WHAT THE TASK ASKS -> From the data that follows, set down exactly the lines from the one with "ヴィンテージ旅行ポスターアート、プエルトリコを発見！ ジグソーパズル (縦)" through the one with "ONEIDA'S BEACH GLASS DANGLING EARRINGS", counting both. Pictures stay out.

DATA EXTRACTS ->
++++

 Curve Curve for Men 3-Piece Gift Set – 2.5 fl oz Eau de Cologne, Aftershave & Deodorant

++++

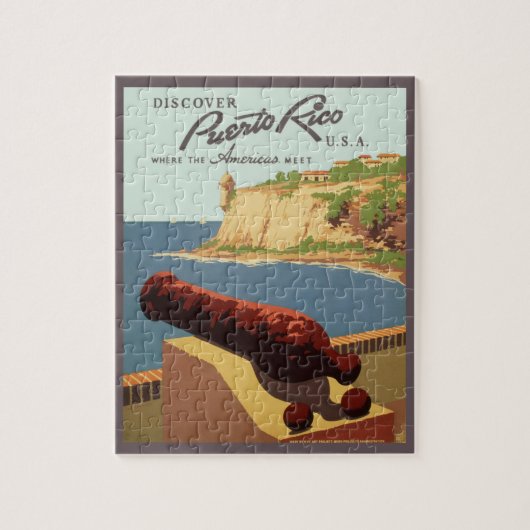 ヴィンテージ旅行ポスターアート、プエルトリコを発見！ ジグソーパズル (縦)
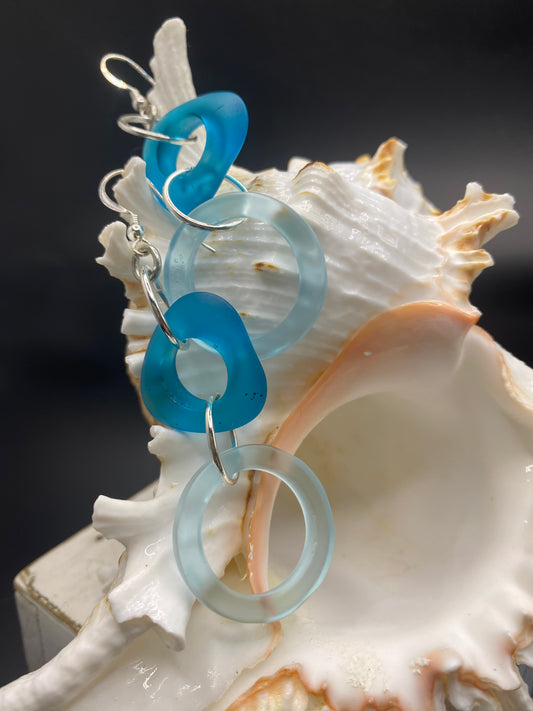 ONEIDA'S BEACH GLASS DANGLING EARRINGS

++++

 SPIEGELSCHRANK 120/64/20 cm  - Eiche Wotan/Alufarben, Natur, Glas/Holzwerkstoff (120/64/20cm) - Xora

++++

TASK ANSWER ->
 ヴィンテージ旅行ポスターアート、プエルトリコを発見！ ジグソーパズル (縦)
 ONEIDA'S BEACH GLASS DANGLING EARRINGS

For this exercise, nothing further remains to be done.